2 Sept 1660 Philip Henderickse (Brouwer) owes Henderick Andriessen (van Doesburg) 3144 guilders, payable in beaver skins at 8 guilders a pop. Debt results from purchase of house and brewery, which he mortgages to Andriessen.
Pearson I:284

10 Sept 1660 Hendryck Andriessen (van Doesburgh) gives power of attorney to Abel Wolff of Amsterdam to collect 5,691.15 guilders from Gerrit Barentsen Koers.
Pearson I:285

17 Sept 1660 Johanna De Laet sells Aert Jacobsen land in the Esopus. Northeast is land of Jan Schoon and Aert Pieterse Tack; northeast is TCDW; southwest is “the hill.” 600 guilders, half beavers and half wheat, market price.
Pearson I:286-7

31 March 1661 TCDW leases two horses to be used in the Esopus, commencing 1 May 1661, from Folckert Jansz, for two years, for 64 guilders, at 8 guilders per beaver. Offspring are to be split fifty-fifty between TCDW and FJ; if horses die, TCDW pays FJ 200 guilders for the stallion and 300 guilders for the mare.

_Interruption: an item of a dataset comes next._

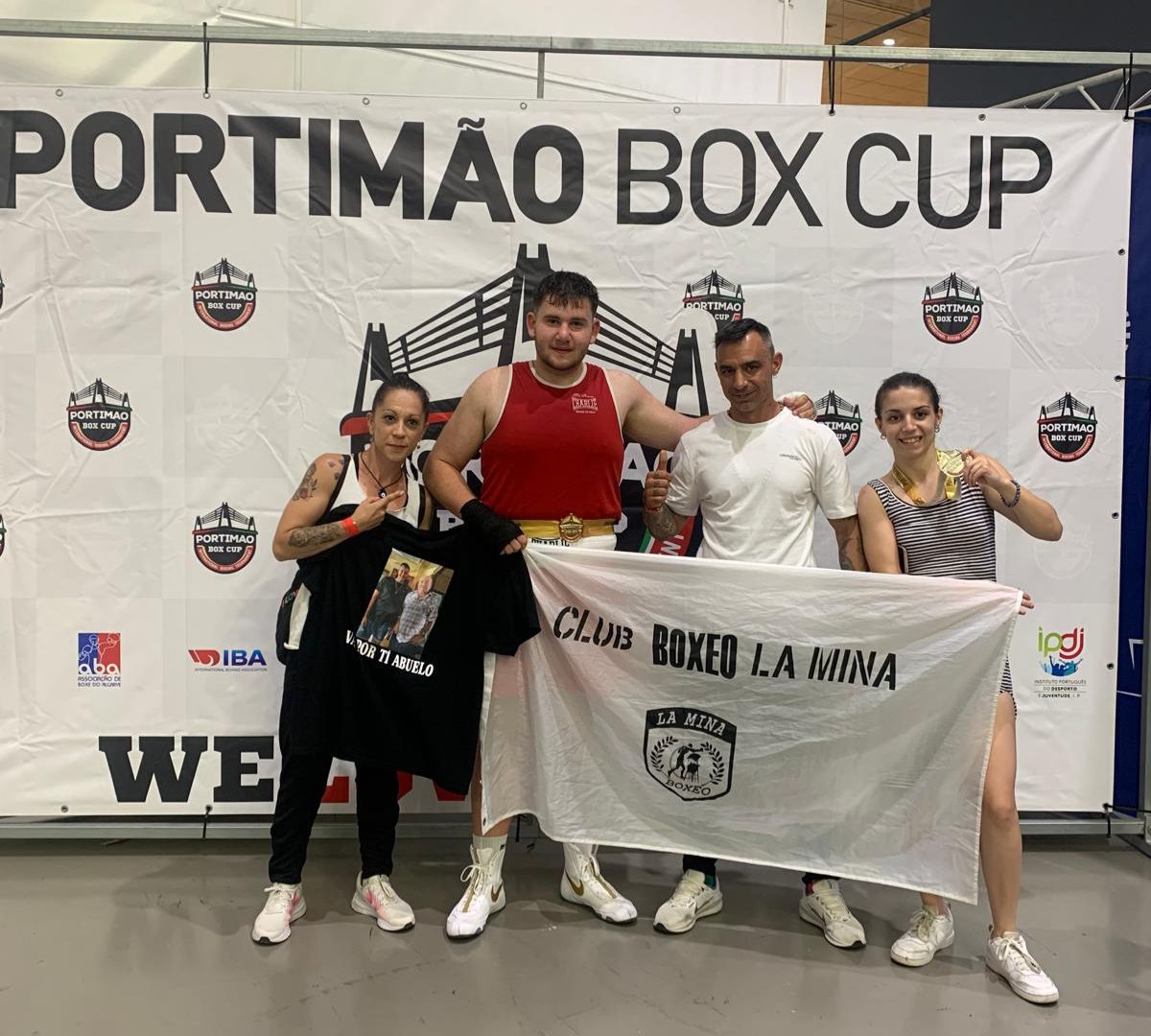 Imagen de Éxito del Club de Boxeo La Mina en el Torneo Internacional Portimão Box Cup: dos medallas para Linares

Extensive note here on TCDW. (See Olde Ulster; Honig 1889; Schoonmaker; J.B. Holgate p. 103, ref. to Martin Hoffman power of attorney in re land inherited by TCDW at “Ezen in Ostbenzie.”)

Pearson III:61-2

1 April 1661 TCDW leases a stallion and a gelding from Teunis Dircksen to use in the Esopus for 1 year, beginning 1 May 1661, for 64 skipples of wheat F.O.B. Esopus. If horses die, TCDW pays 25 beavers for stallion, 20 beavers for gelding.
Pearson III:62

9 June 1661 TCDW, “husbandman,” gives Jan Albertsz, master shoemaker and brother-in-law, power of attorney to collect rents from Pieter Jansz, other brother-in-law, living at Oosterbemus in Oost Vrieslant. Rent is for land inherited by TCDW from late father. JA also empowered to use rent to cover debts, also to lease land, preferably to Pieter Jansz.
Pearson III:69-70 (original p. 86)

10 June 1661 TCDW, “husbandman,” buys a gray gelding from Phillip Pietersz Schuyler for 256 guilders (32 beavers), to be paid in 50 skipples of good winter wheat at good beaver’s price, April 1662, remainder April 1663, also in wheat, delivered in Beverwyck.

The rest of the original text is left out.